XRIJF Day 5 – Chick Corea “Trilogy” with Joey Alexander

Well alright, OK, you win, and I’ll say it. I was late to the Joey Alexander party.

Sure, I had about him before the XRIJF last year, and every jazz musician I’ve talked to has had something to say about him. I even had a chance to ask Larry Grenadier who played on Alexander’s (he writes, fighting mostly every instinct to just call him “Joey”) debut album “My Favorite Things” about the young man, and he replied, “he’s a freak.” I’ve played his album many times on Jazz 90.1. But I wasn’t there when he played live last year, so that makes me late.

It was a weird sight; two grown men in bassist Dan “Shimmy” Chmielinski and respected and prolific drummer Ulysses Owens Jr. come out with a very skinny, awkward teenager. In almost every way, he looks like every middle schooler ever. His clothes don’t quite fit, hasn’t grown into his proportions yet, his hair is somewhere between messy and straightened up. Outside of his big hands, he looks pretty normal. He sounds normal too. Addressing the crowd, he was clearly tight and sometimes hard to understand. Then he plays some hard bebop, and you realize he’s not put together like us mere mortals.

Opening his set up with John Coltrane’s “Resolution” and Wayne Shorter’s “Footprints,” Alexander and company kicked into high gear right away. Mixed meters, fast and pounding bebop lines and licks, we heard some great things from the band. Alexander’s emotional intelligence, Chmielinski’s impressive thumping on the gut strings of his bass, and Owens’ thunderous toms and tasteful cymbals.

After that, they played an original composition by Alexander, “City Lights,” which received quite and ovation when he announced it as such afterwards. Starting with a bass rubato opening, we heard grooves, licks, clearly stated melodies, and excellent solos by Alexander and Owens, who plays with the intensity and the face of Buddy Rich.

Next came another original “Sunday Walks” (or I would assume; it was difficult to hear understand him at times, and I heard “Sandy Whales” before my common sense kicked in). Alexander opened with a lush variation and orchestration of the melody, frequently using Romantic-era chords and Impressionist planing before the piece picked up into another bebop-riff driven cooker. To end it off, the guys played what I guess was “It Might As Well Be Spring” from “My Favorite Things,” in a ten minute finale. They a bow, embracing and surrounding Alexander, which was a cute sight, seeing a kid enveloped by two adults.

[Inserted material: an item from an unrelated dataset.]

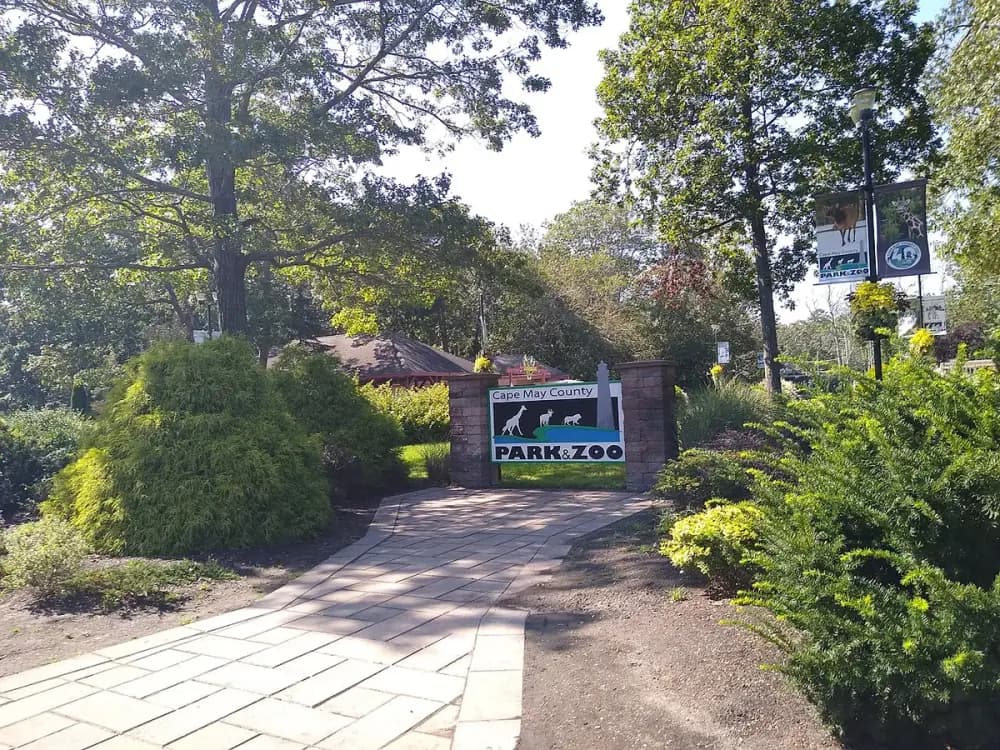 Cape May County Park & Zoo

Alexander is a indeed a “freak.” His emotional intelligence for someone so young, and his clear knowledge and understanding of the work that came before him is amazing. Improvisation is difficult for young players (heck, most adults), but his lack of inhibition combined with his technique is eyebrow-raising and jaw dropping. But I also heard something that I didn’t hear from a recording: he’s still a kid.

As amazing and talented as he is, one thing is clear: He doesn’t sound like “Joey” yet. Hearing him play, a careful listener can pick out when he starts playing rag, or Gershwin’s wit, or the blues’ scowling, or gospel’s shouts, bebop’s driving licks, and the Great American Songbook’s lyricism. He has absorbed so much, and he understands what he’s doing, but it hasn’t come together to a synthesized, defined sound. Therefore, he is at his best when he’s playing solo, as he can weave them together and combine them in unique ways.

You could hear the band members trying to keep up, trying to adapt, and trying to support him; there were absolutely moments you could sense that Chmielinski and Owens had to stop an idea and start another one to work with Alexander, particularly in the opening bop tunes and during the solos. They found their stride in the original compositions, when Alexander was most centered. It was truly eye-opening to hear the contrast between him and Chick Corea.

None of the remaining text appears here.